Berlin – In 2023, Design Hotels celebrates its 30th anniversary, and with it, we want to bring a sense of unabashed joy to travel again. To inspire bright-eyed wonder, we’ve selected a list of destinations for travelers to dream about, with a crop of new hotels that create the ideal environs for such dreams to become realities. These beautiful, forward-looking spaces have inspiring missions and strong local connections that encourage the discovery of the surrounding cultures, communities, and landscapes.
East coast, Mauritius
A gem near Madagascar in the Indian Ocean, this African island echoes with calls of exotic birds, bats, and insects, reverberating with the sound of its tropical choir. Called
the island where God practiced creating Eden, Mauritius’ magic lies in not only its unparalleled natural beauty but also its incredible mix of African, Indian, Chinese, and French cultures. To explore the wild side of Mauritius, travelers should head east, where the coast unfurls in unchanged sleepy villages, swathes of raw beachfront, sugarcane fields, mangroves, and lagoons. It feels like a world away from the buzzing nightlife of the north (the island is only 61 kilometers long and 45 kilometers wide) and is where pockets of creativity emerge from hidden corners for those in the know. The EKLA showroom, for example, is a tropical modernist’s paradise, and Le Café des Arts is a one-of-a-kind restaurant and gallery set in a beautifully restored sugar mill.

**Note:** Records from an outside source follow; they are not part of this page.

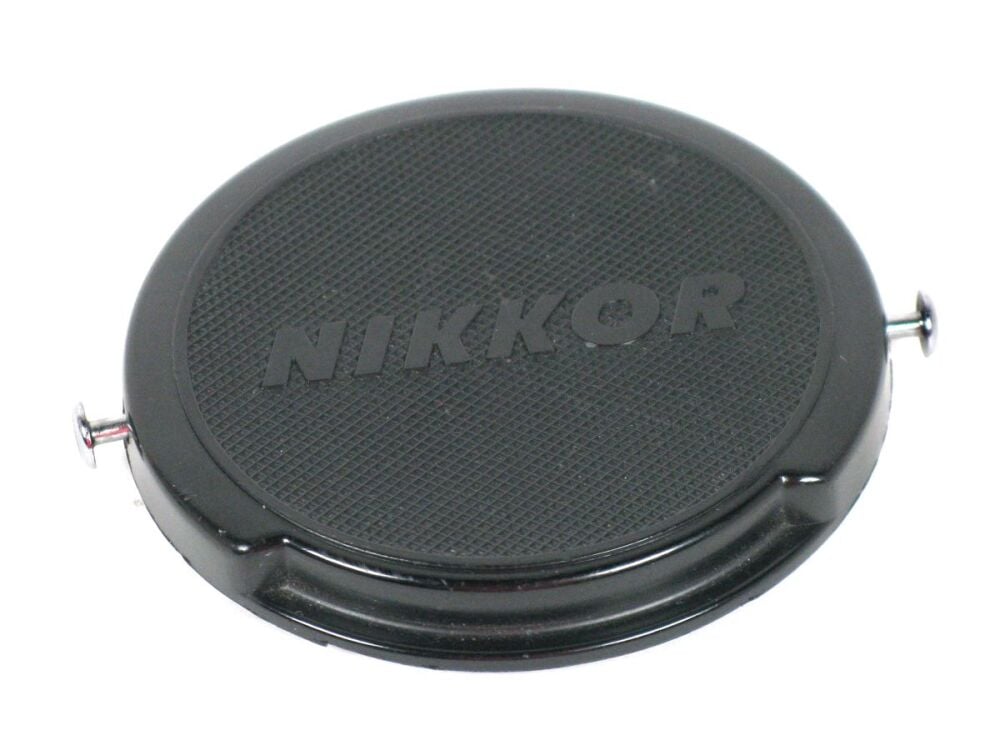 Nikkor Front Cap 52mm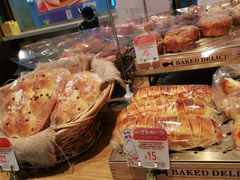 -西村叔叔的店·面包·甜品·蛋糕(崂山丽达店)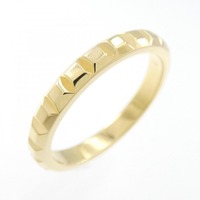 ブシュロン クル ド パリ ミディアム リング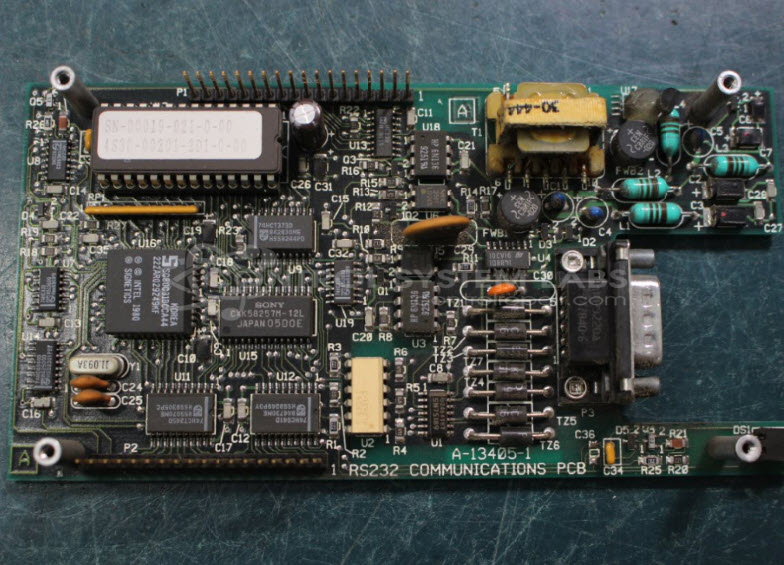 Maco 4000 RS232 Card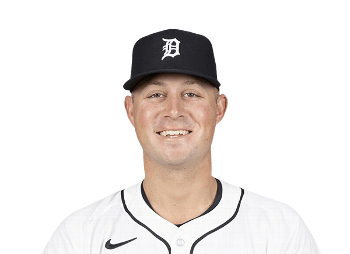 Spencer Torkelson - Motivational Sports Speaker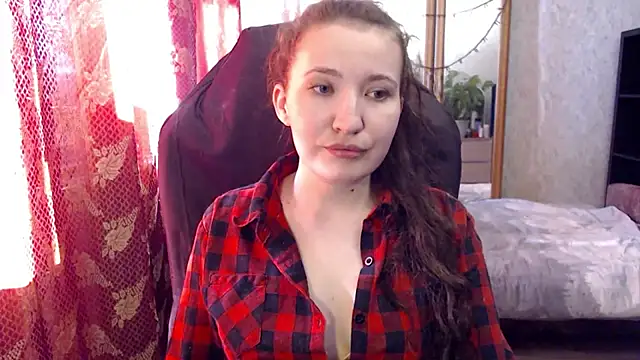 AnKey_Rayah webcam
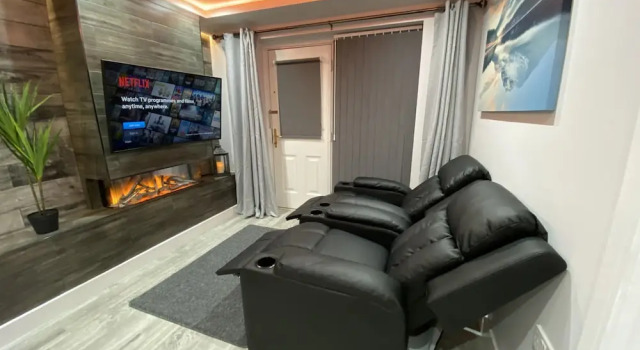 Serenity Apartments Bradford, Varaa Huoneisto Asunnot kohteessa Merseyside, Huoneisto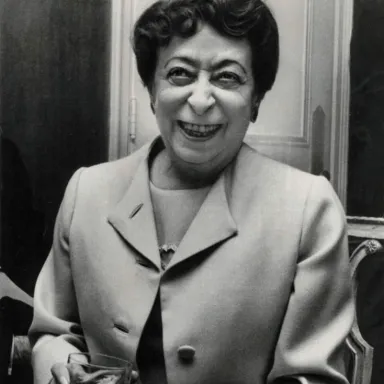 Foto de perfil de Irna Phillips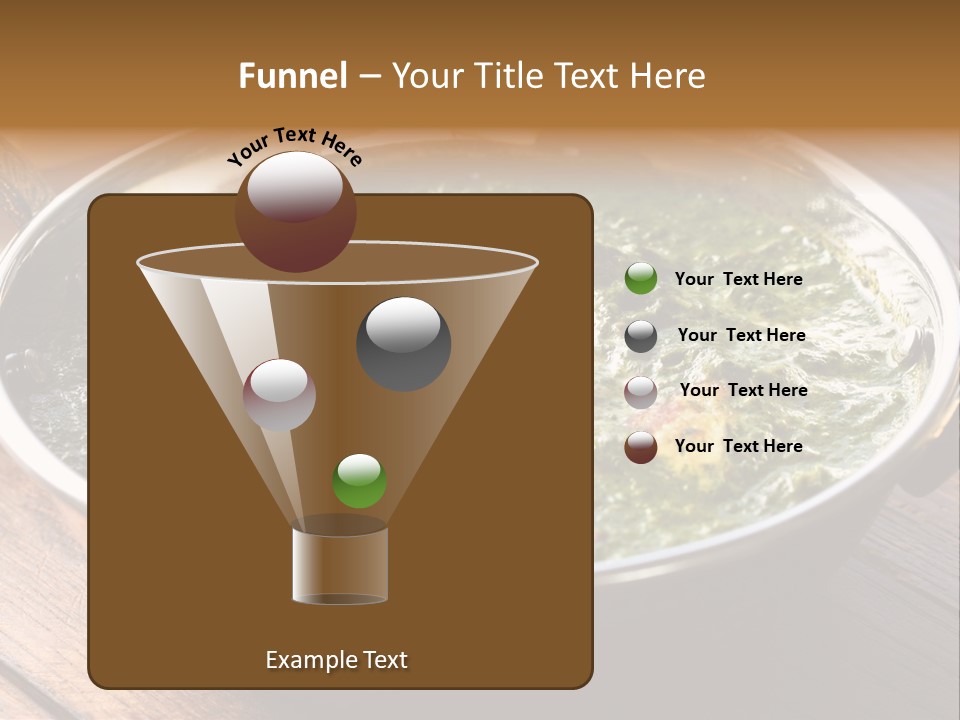 Palak Paneer PowerPoint Template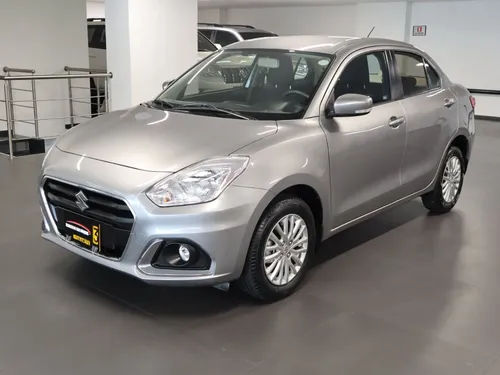 Suzuki Swift 1.2 Dzire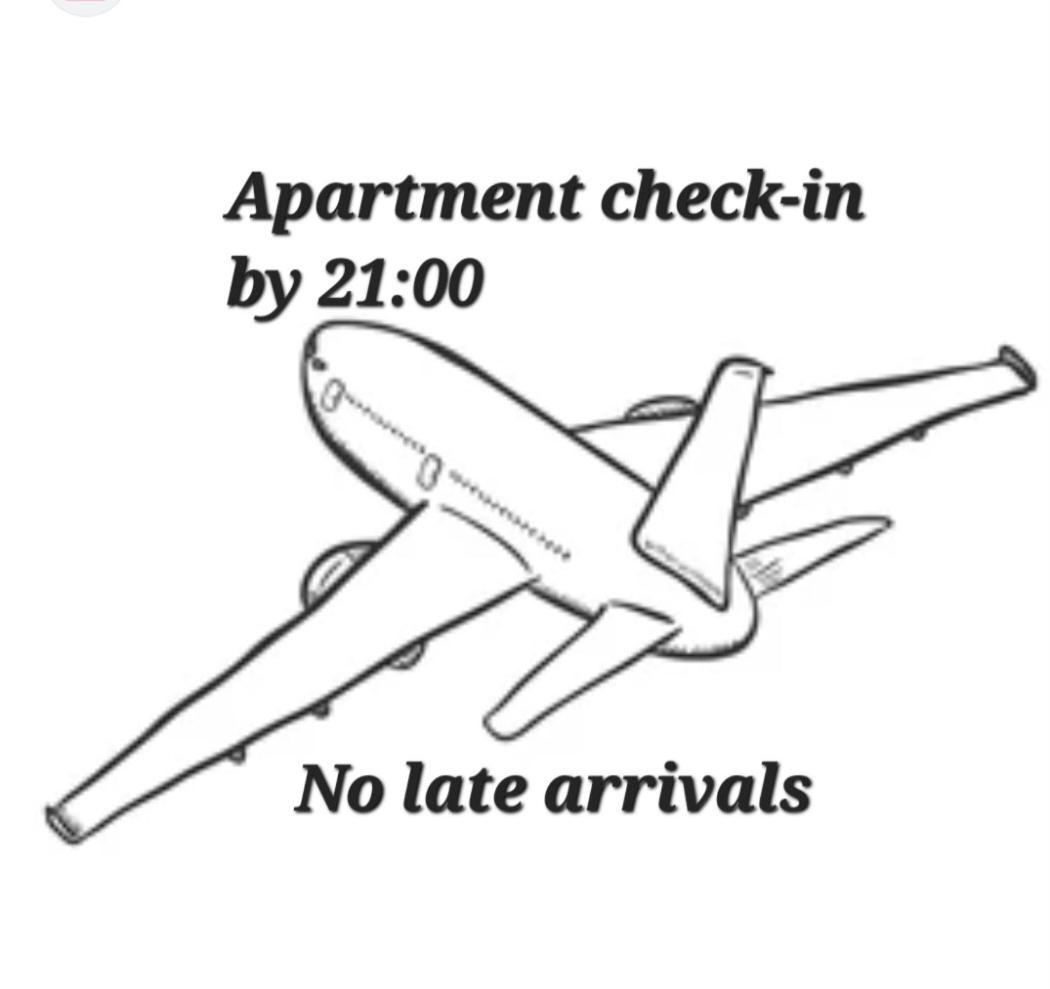Edinburgh Palace Apartment Εξωτερικό φωτογραφία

On this peaceful coast lies the adults-only, new member hotel Salt of Palmar, offering a heady mix of colors, stories, customs, sounds, and flavors. Designer Camille Walala was inspired by the warm shades such as yellows, peaches, and bright blues of the houses dotting the island, as well as the riad style of the hotel’s existing structure, to create its dramatic centerpiece: a black-and-white-striped fountain. The property’s restaurant and rooftop bar tell the story of Mauritius through locally rooted, globally influenced cuisine and creative cocktails inspired by the island’s mountains.

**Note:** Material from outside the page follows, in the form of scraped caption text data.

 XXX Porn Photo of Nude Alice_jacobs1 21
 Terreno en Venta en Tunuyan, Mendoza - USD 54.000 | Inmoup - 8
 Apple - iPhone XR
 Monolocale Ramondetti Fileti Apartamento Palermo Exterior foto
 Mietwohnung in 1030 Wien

South coast, Lombok, Indonesia
A place where warm turquoise waters curl into barrels and crash against powder-soft sands, framed by sharp cliffs, Lombok’s southern coast is breathtakingly beautiful. While the divine beaches of the Gili Islands to the north have attracted both local and intrepid travelers, the island’s southern coast is slowly emerging as a sustainable alternative to its neighboring Bali. Various initiatives and teams of diving schools are working together to help promote the rejuvenation of damaged reefs, educate fishermen about safe fishing practices, and protect the oceanic habitats from any further destruction.
New developments on the island, such as Somewhere Lombok, are similarly focused on sustainable constructions. The passion project of sisters Claire and Valia Gontard, whose Indonesian roots brought them back to Lombok after worldly travels, is a place that is energy, water, and waste efficient; that works with locals; and that grows vegetation to prevent land erosion. It is also a place where guests are greeted by mesmerizing views of the Are Guling Bay—a world-class surf spot—and a big open communal space that encompasses a reception, restaurant, lounge, bar, lawn, and pool. The sisters also plan to offer the island’s inhabitants opportunities for growth through community projects.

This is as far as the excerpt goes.